** Opening Supplied information block **

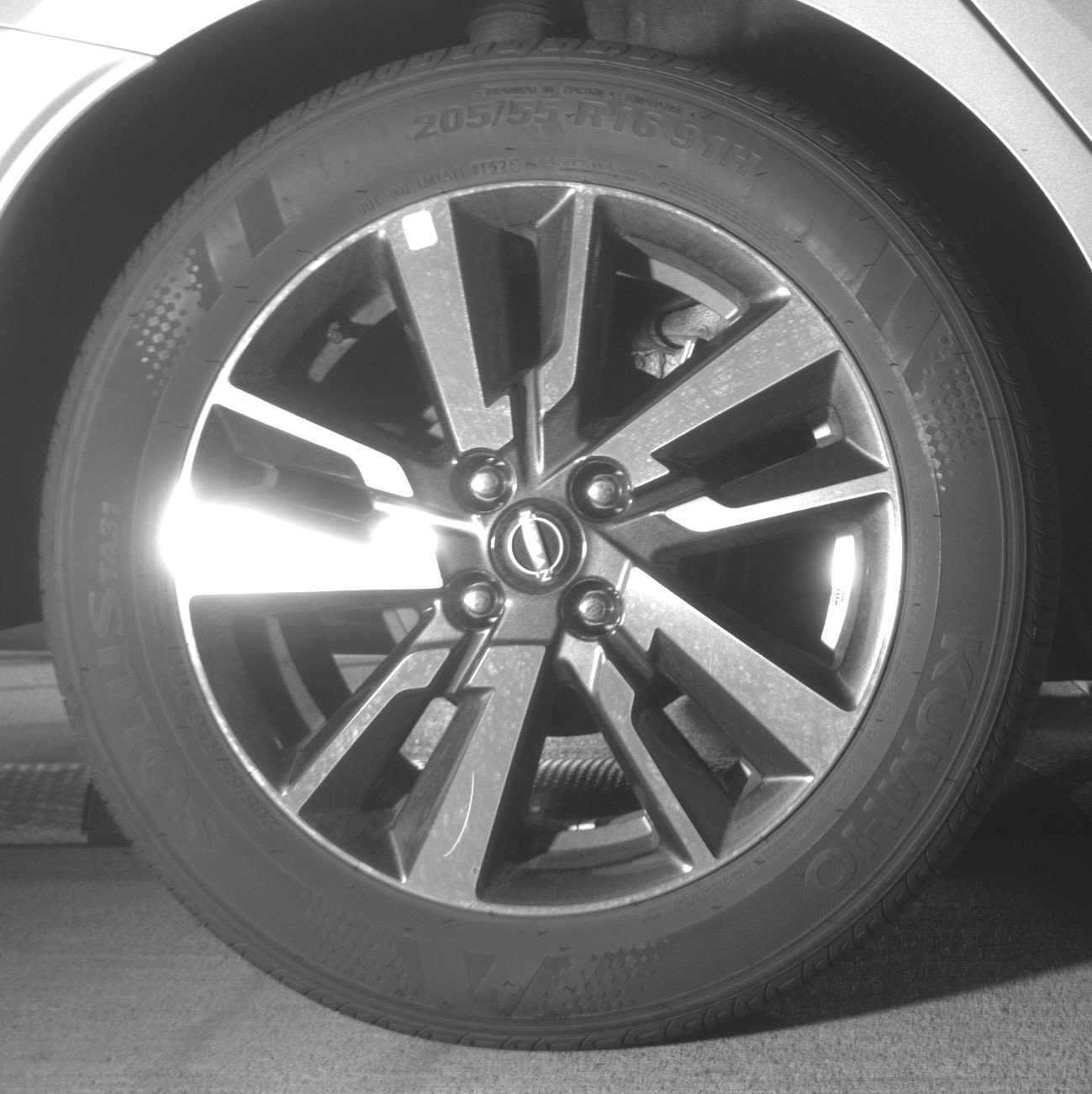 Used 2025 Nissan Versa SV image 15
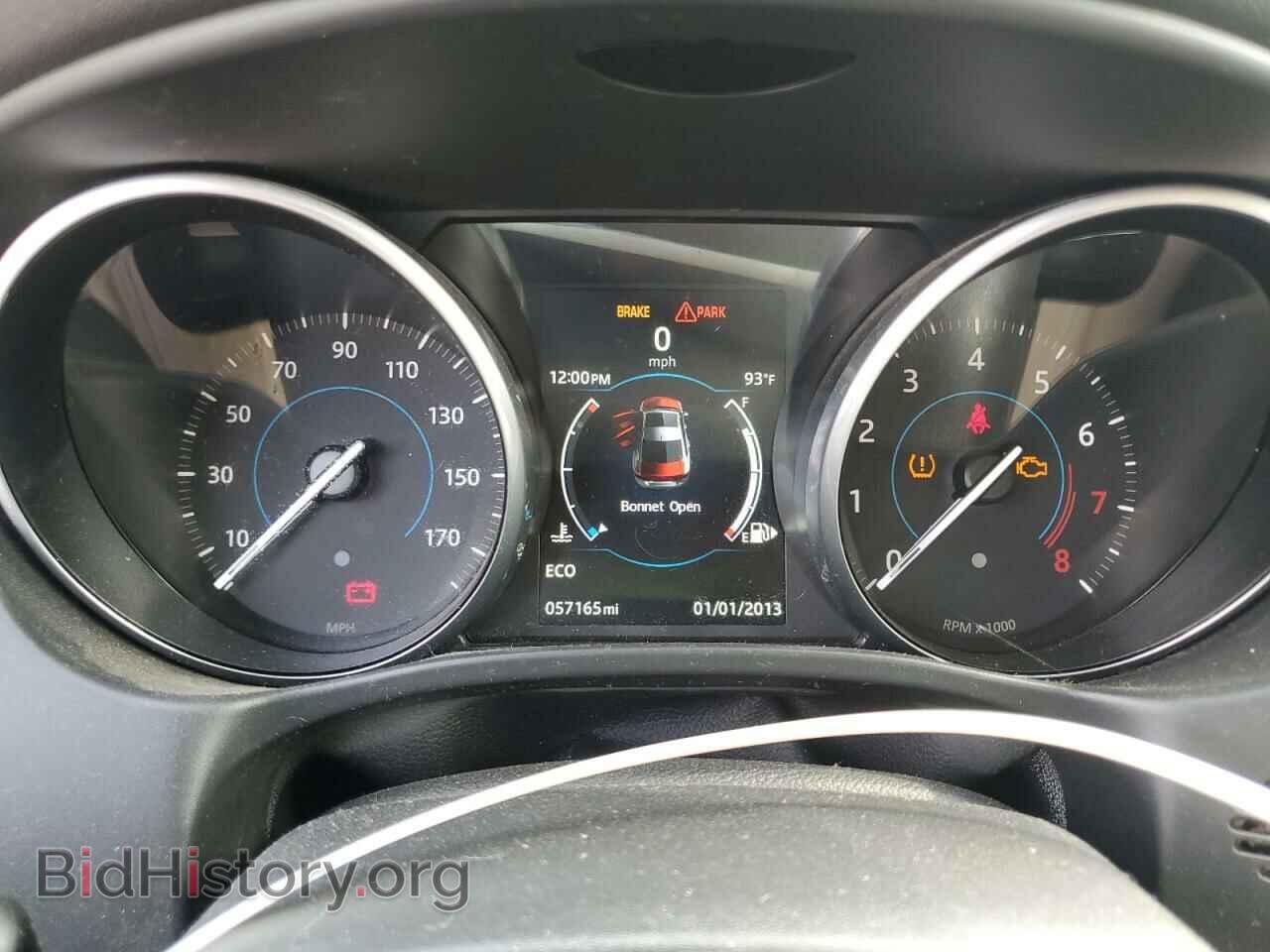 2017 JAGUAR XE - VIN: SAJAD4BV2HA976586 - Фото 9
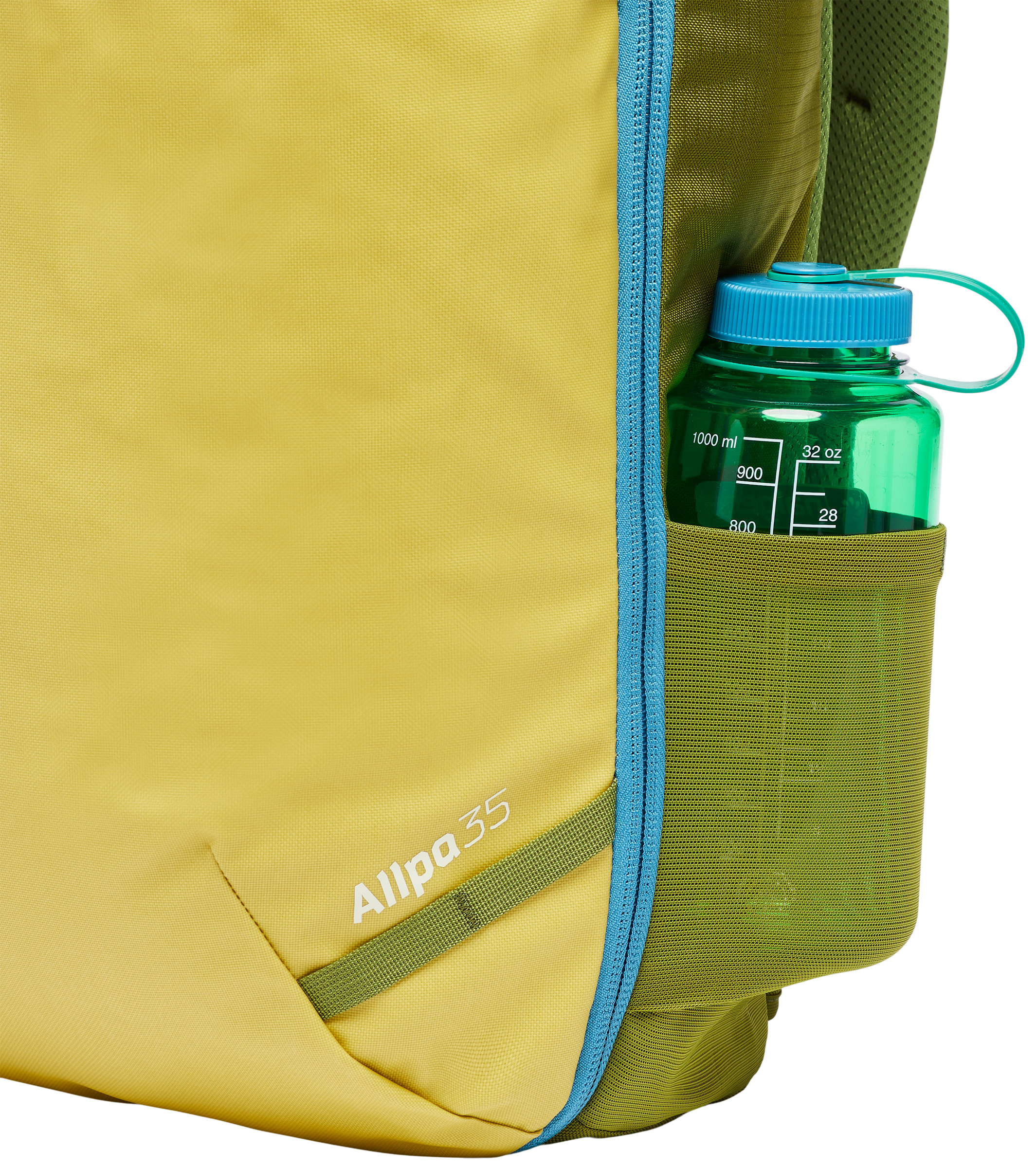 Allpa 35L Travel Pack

** Closing Supplied information block **

> What is needed
Everything above except the pictures needs to be reproduced exactly.

> Expected answer
 Used 2025 Nissan Versa SV image 15
 2017 JAGUAR XE - VIN: SAJAD4BV2HA976586 - Фото 9
 Allpa 35L Travel Pack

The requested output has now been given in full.